See detailed explanations...Referring to specific characters

  • Escapes SHOULD be avoided when the characters to be expressed are representable in the character encoding of the document.

  • Content SHOULD use the hexadecimal form of character escapes when there is one.

  • If, for a specific application, it becomes necessary to refer to characters outside [ISO10646], characters should be assigned to a private zone to avoid conflicts with present or future versions of the standard. This is highly discouraged, however, for reasons of portability.

  • Don't use entities in XHTML?

  • Something about the use of inline images to represent characters

See detailed explanations...Dealing with undisplayable fonts

  • Some guidelines for content authors who know that users won't have all the necessary fonts.

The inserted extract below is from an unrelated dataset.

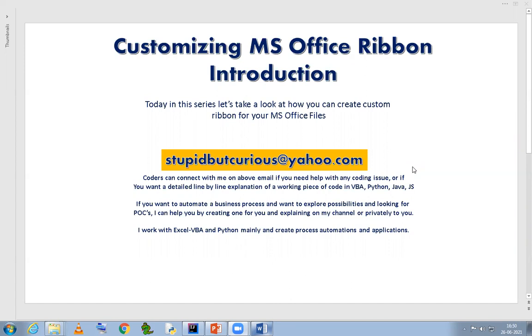If you are writing some VBA programs and you want your controls to be placed into your own custom ribbon in the office application so that those subroutines and functions can be triggered from there, you can achieve that if you follow my videos.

- Specifying the language of content

See detailed explanations...Identifying the primary language

  • Use the lang and xml:lang attributes in the html tag.

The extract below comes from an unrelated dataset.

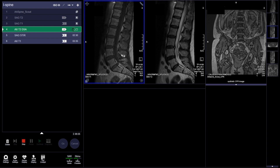Now that we have the axial T2 running, we're essentially finishing off the exam. Once this axial comes out, the last two sequences — the sagittal STIR and the axial T1, which were copied from the prior sequences — will just run. If all goes well, this exam should be done in less than three to four minutes.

See detailed explanations...Identifying language change

  • Use the lang and xml:lang attributes around the text.

See detailed explanations...Specifying the language of a link destination

  • Use the hreflang attribute on the a element.

See detailed explanations...Specifying language codes

  • Follow the guidelines in RFC3066.

  • Use the two letter ISO 639 codes for the language code and the two letter ISO 3166 codes for the country code wherever possible.

Text direction

See detailed explanations...Setting directionality for an entire document in a bidirectional script

  • Add dir="rtl" to the html tag.

  • Enter all text in a single logical order, and leave it to the Unicode bidirectional algorithm to order the text as appropriate

  • If using an ISO encoding, choose iso-8859-8-i. (Alternatively use utf-8 or utf-16.)

See detailed explanations...Changing the directional properties of a part of the text

  • Add the dir attribute to an element that encompasses all the text.

  • Use markup to achieve bidirectional effects rather than CSS styling or the Unicode control characters for bidi embedding.

See detailed explanations...Overriding the Unicode bidirectional algorithm

  • Use the bdo element to force the directionality of a sequence of inline characters.

  • Use the special entities, &lrm; and &rlm; to force directionality of directionally neutral characters.

Handling elements that vary by locale

See detailed explanations...Date & time

    • Always use a four-digit number for the year.

    • Always use words (abbreviated if necessary) for the month.

  • For forms, use structured fields or popup menus for time and date input.